● **Pictures with short captions**:

Segment Open

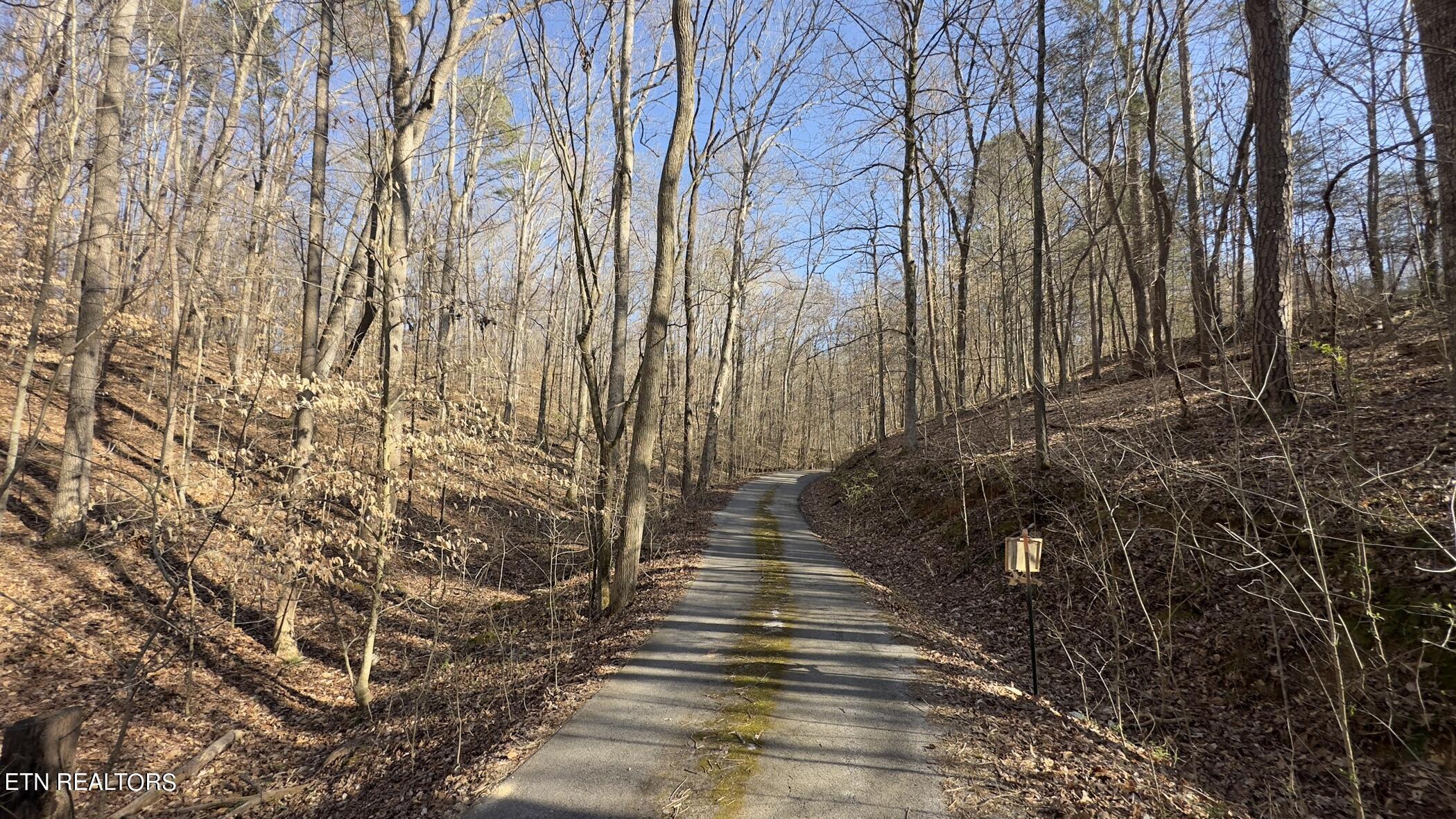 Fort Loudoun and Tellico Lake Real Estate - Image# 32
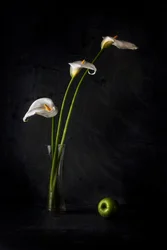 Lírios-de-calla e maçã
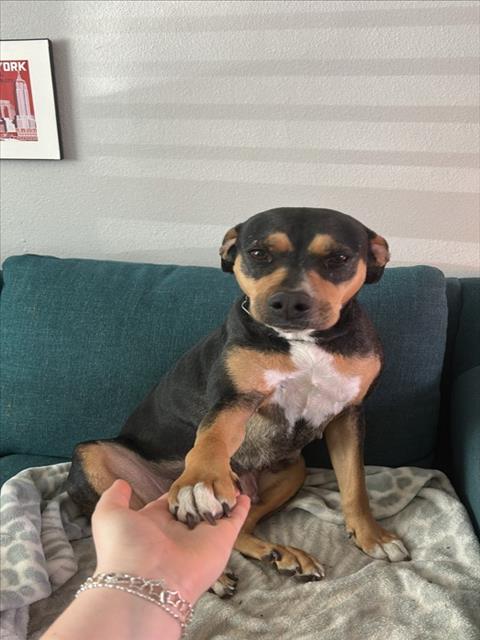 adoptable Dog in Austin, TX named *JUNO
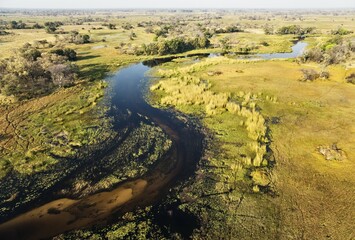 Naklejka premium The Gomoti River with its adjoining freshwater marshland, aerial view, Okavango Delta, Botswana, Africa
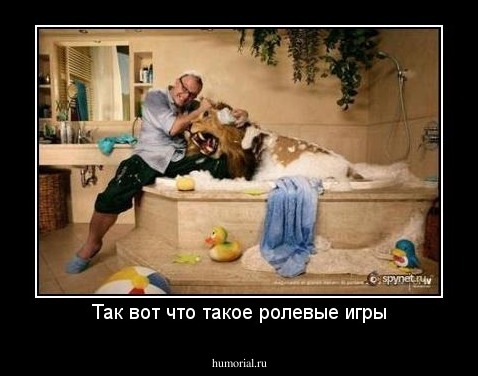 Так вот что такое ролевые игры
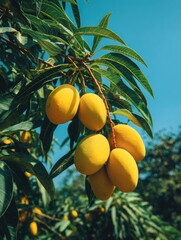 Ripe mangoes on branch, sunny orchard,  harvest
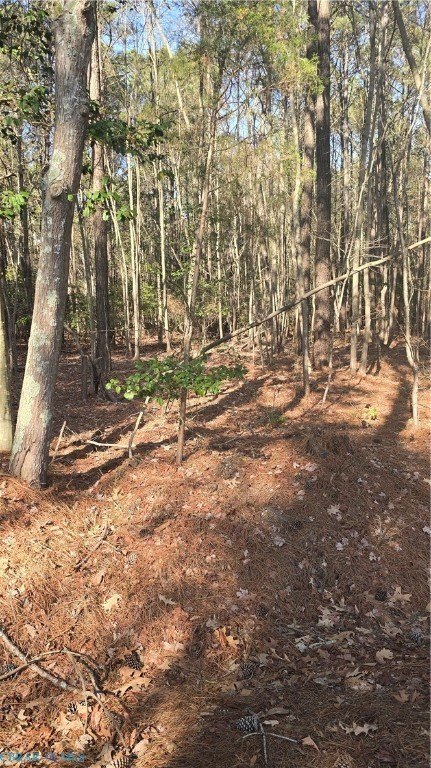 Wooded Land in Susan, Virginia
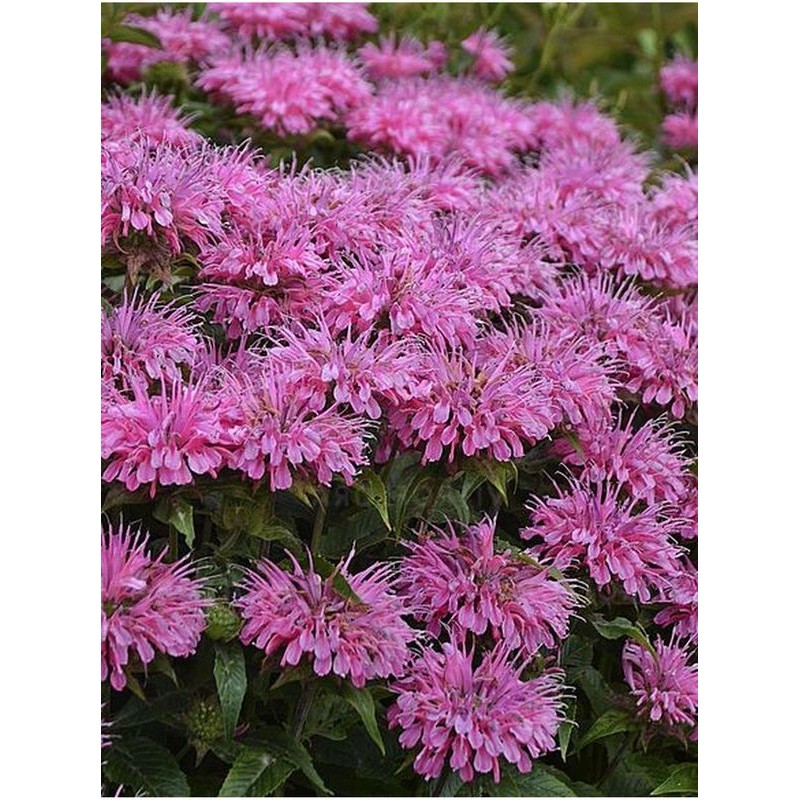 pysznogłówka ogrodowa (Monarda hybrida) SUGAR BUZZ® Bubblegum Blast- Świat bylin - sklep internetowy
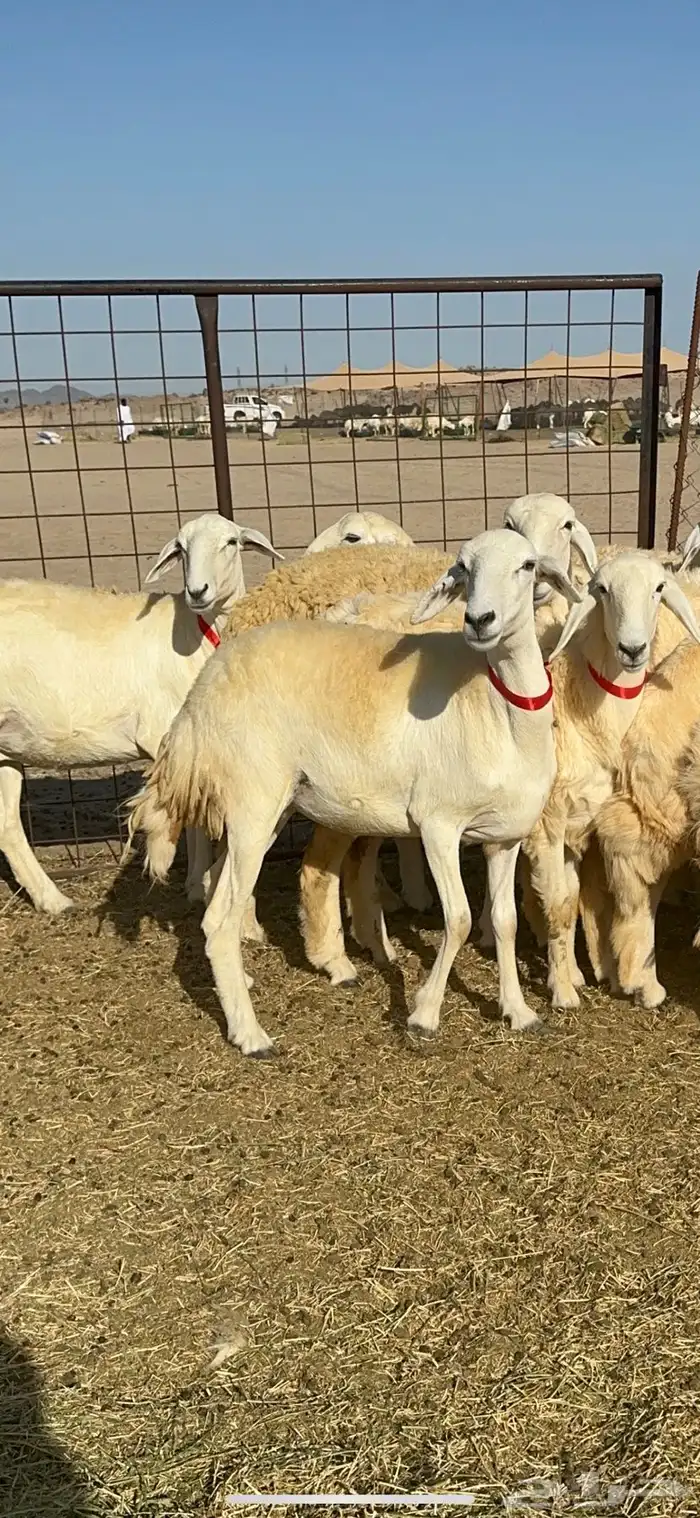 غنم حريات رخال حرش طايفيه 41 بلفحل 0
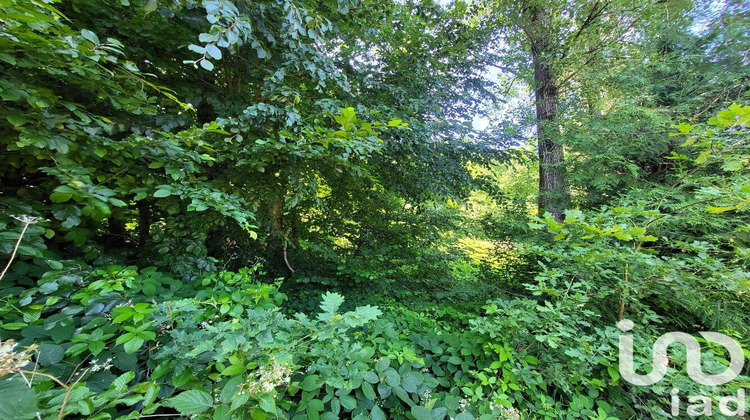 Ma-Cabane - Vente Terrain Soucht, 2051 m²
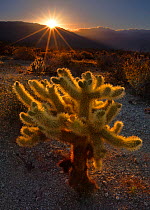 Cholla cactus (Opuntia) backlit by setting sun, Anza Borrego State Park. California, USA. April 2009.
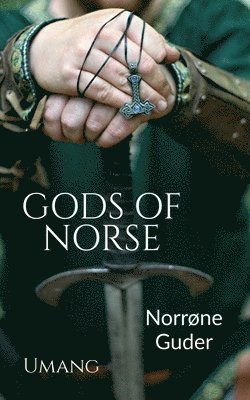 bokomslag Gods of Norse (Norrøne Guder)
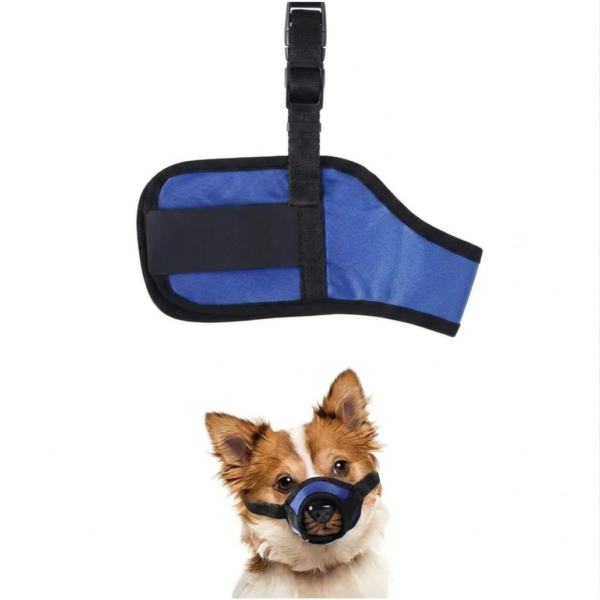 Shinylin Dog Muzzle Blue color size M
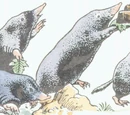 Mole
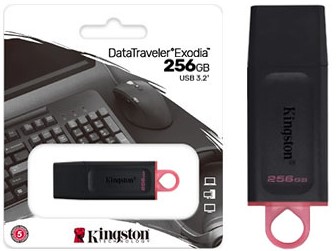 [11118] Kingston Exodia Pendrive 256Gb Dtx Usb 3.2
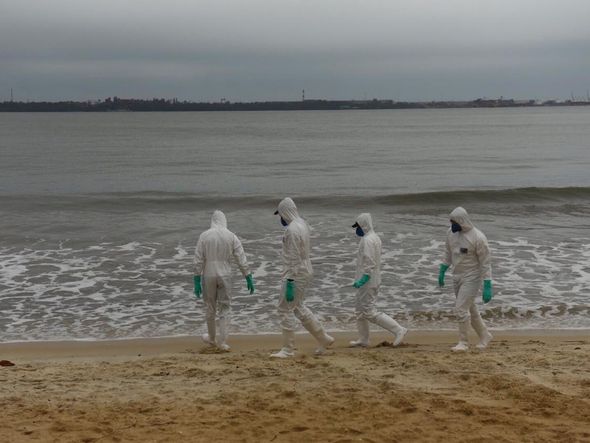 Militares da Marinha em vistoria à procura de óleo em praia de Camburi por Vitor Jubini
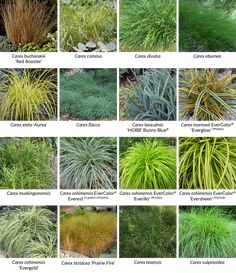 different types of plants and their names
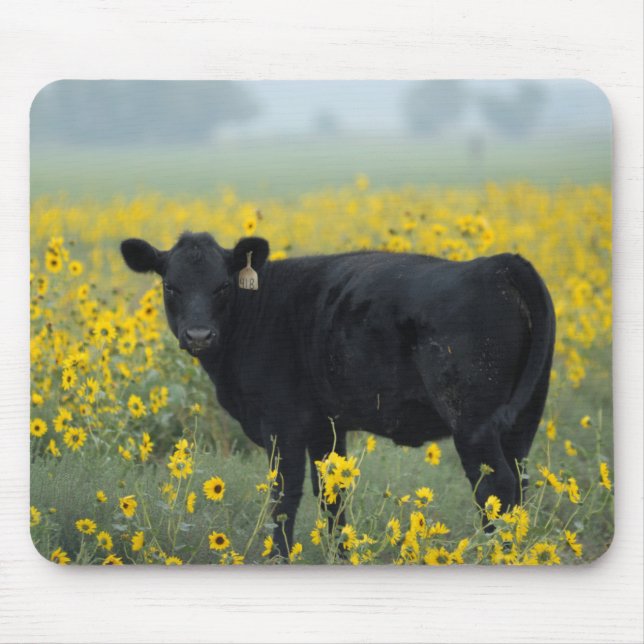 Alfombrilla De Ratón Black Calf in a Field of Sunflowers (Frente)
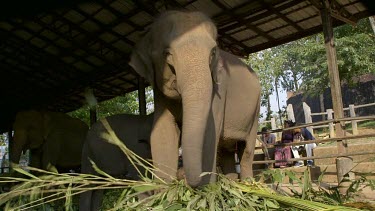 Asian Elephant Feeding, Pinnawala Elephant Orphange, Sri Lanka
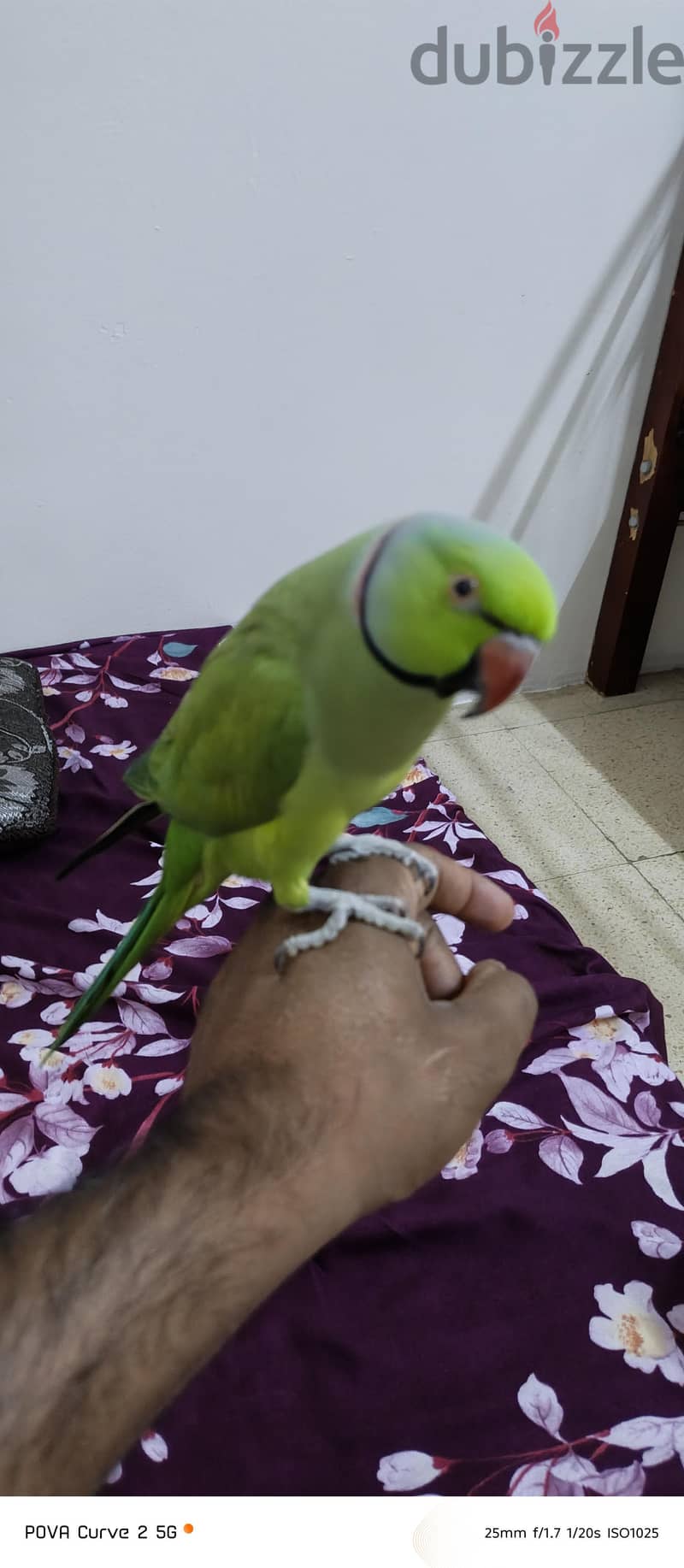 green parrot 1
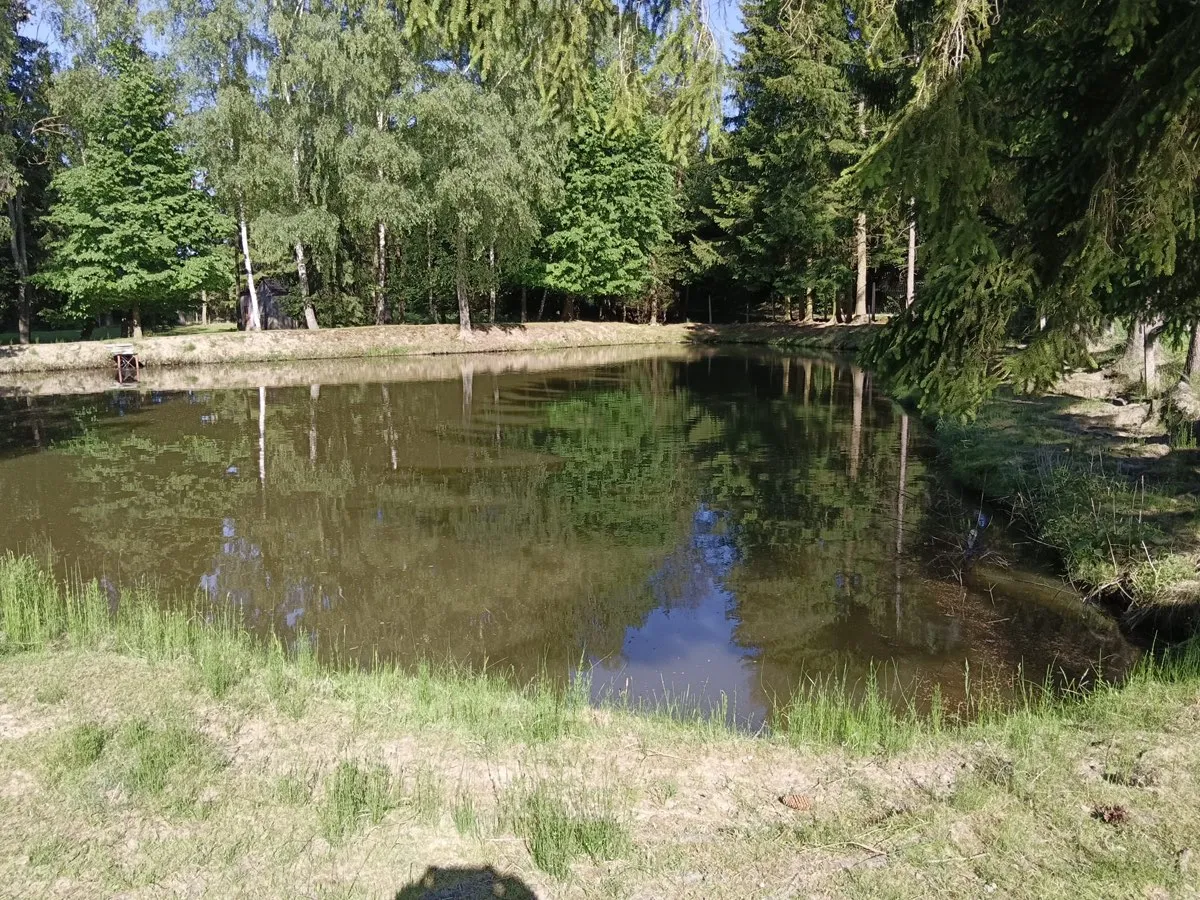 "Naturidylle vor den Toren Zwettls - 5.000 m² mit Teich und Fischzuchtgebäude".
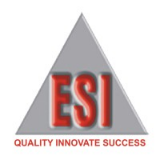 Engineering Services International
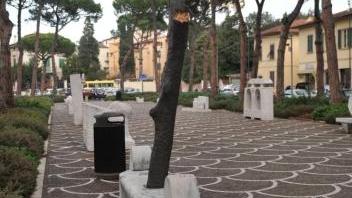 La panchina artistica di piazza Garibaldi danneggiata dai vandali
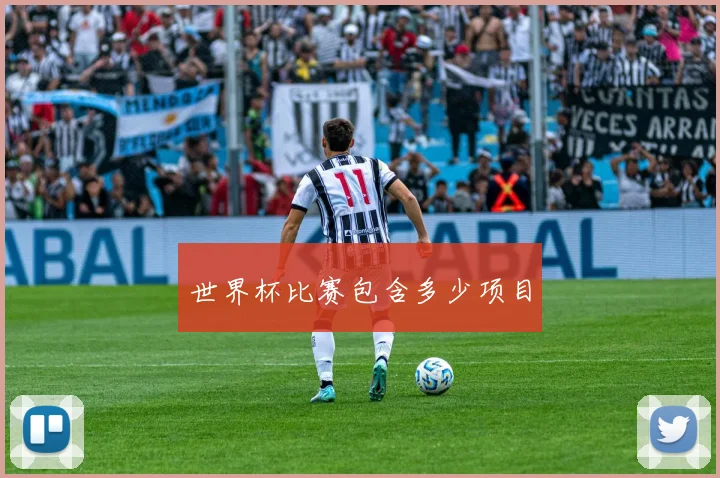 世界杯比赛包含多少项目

Segment Closed

● **PROMPT**:
Retype the records verbatim, excluding each image they hold.

● **SOLVED PROBLEM**:
 Fort Loudoun and Tellico Lake Real Estate - Image# 32
 Lírios-de-calla e maçã
 adoptable Dog in Austin, TX named *JUNO
 Naklejka premium The Gomoti River with its adjoining freshwater marshland, aerial view, Okavango Delta, Botswana, Africa
 Так вот что такое ролевые игры
 Ripe mangoes on branch, sunny orchard,  harvest
 Wooded Land in Susan, Virginia
 pysznogłówka ogrodowa (Monarda hybrida) SUGAR BUZZ® Bubblegum Blast- Świat bylin - sklep internetowy
 غنم حريات رخال حرش طايفيه 41 بلفحل 0
 Ma-Cabane - Vente Terrain Soucht, 2051 m²
 Cholla cactus (Opuntia) backlit by setting sun, Anza Borrego State Park. California, USA. April 2009.
 bokomslag Gods of Norse (Norrøne Guder)
 Shinylin Dog Muzzle Blue color size M
 Mole
 [11118] Kingston Exodia Pendrive 256Gb Dtx Usb 3.2
 Militares da Marinha em vistoria à procura de óleo em praia de Camburi por Vitor Jubini
 different types of plants and their names
 Alfombrilla De Ratón Black Calf in a Field of Sunflowers (Frente)
 Asian Elephant Feeding, Pinnawala Elephant Orphange, Sri Lanka
 green parrot 1
 "Naturidylle vor den Toren Zwettls - 5.000 m² mit Teich und Fischzuchtgebäude".
 Engineering Services International
 La panchina artistica di piazza Garibaldi danneggiata dai vandali
 世界杯比赛包含多少项目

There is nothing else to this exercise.